Bill Oliver
- Born: 3 December 1948 (age 76)
- Sport country: England
- Professional: 1983–1994
- Highest ranking: 77

= Bill Oliver (snooker player) =

English former professional snooker player

Bill Oliver (born 3 December 1948) is an English former professional snooker player.

==Biography==
Bill Oliver was born on 1 December 1948. As an amateur player, Oliver beat Ian Williamson 7–5 in the final of the 1981 Pontins Autumn Open. He became a professional snooker player in 1983 but never reached the last-16 of a major tournament. His highest ranking was 77. He owns a snooker club in Plymouth.

He made his television debut as a player in the 1984 World Doubles Championship, partnering Roger Bales in a 4–5 loss to Terry Griffiths and John Parrott in a match that finished at 12:30 am.

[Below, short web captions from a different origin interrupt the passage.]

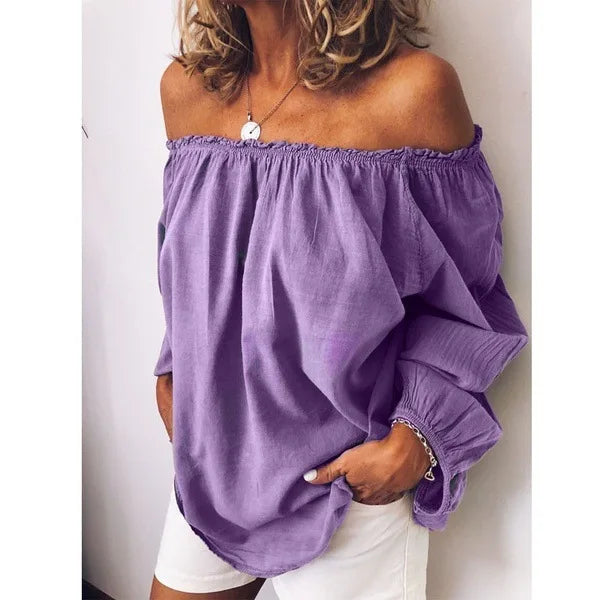 Heidi-Mode | Off Shoulder Bluse mit Eleganten Ballonärmeln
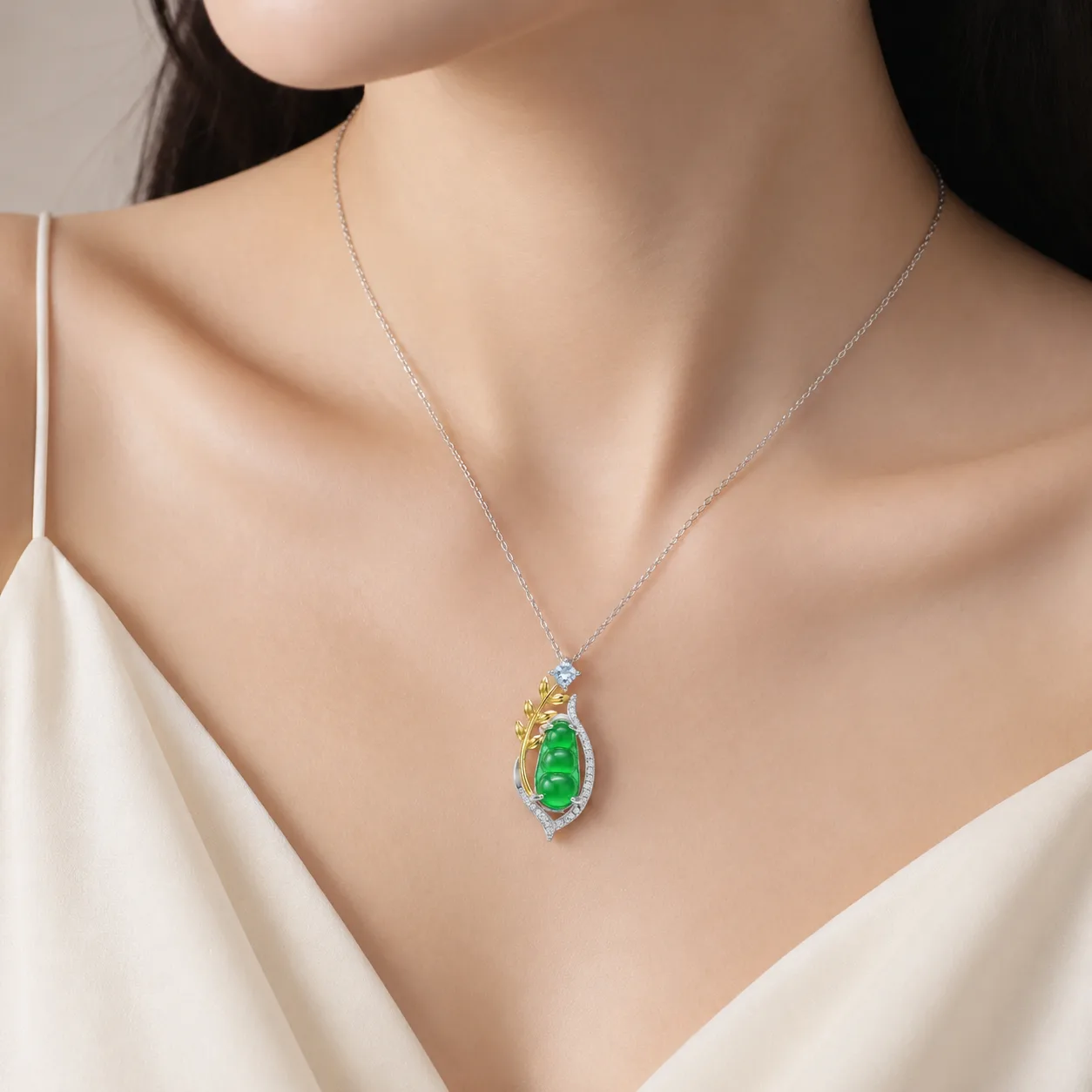 Jade Necklace with Green Vines and Lucky Beans 2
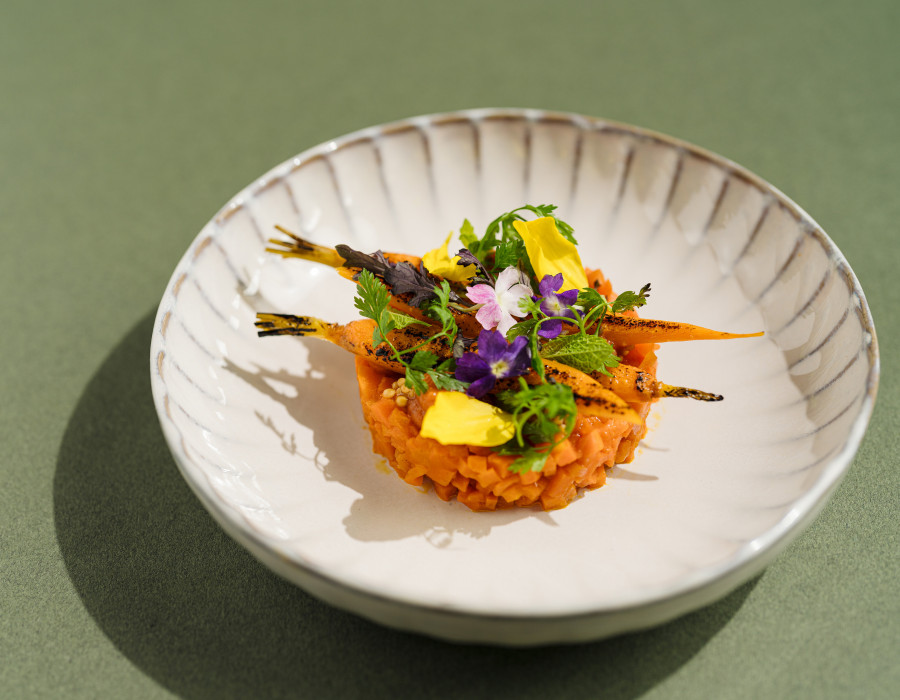 Mediterranean and fresh dish with fruit and sea food on a plate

Oliver beat former champion Ray Reardon in the second qualifying round of the 1988 World Snooker Championship. Later that year he joined the board of the World Professional Billiards and Snooker Association (WPBSA), taking the place of Rex Williams. In September 1990 he withdrew from the 1990 Shoot-Out after the car he was driving to the venue skidded and went off the road into a ditch. Oliver required 15 stitches and had to wear a neck brace, but his passenger Mike Hallett was uninjured.

He entered the 2010 World Snooker Championship under an arrangement where members of the WPBSA who were not on the main World Snooker Tour could participate if they paid a fee of £200. He was beaten 1–5 by Nic Barrow in what was Oliver's first world championship match since 1994.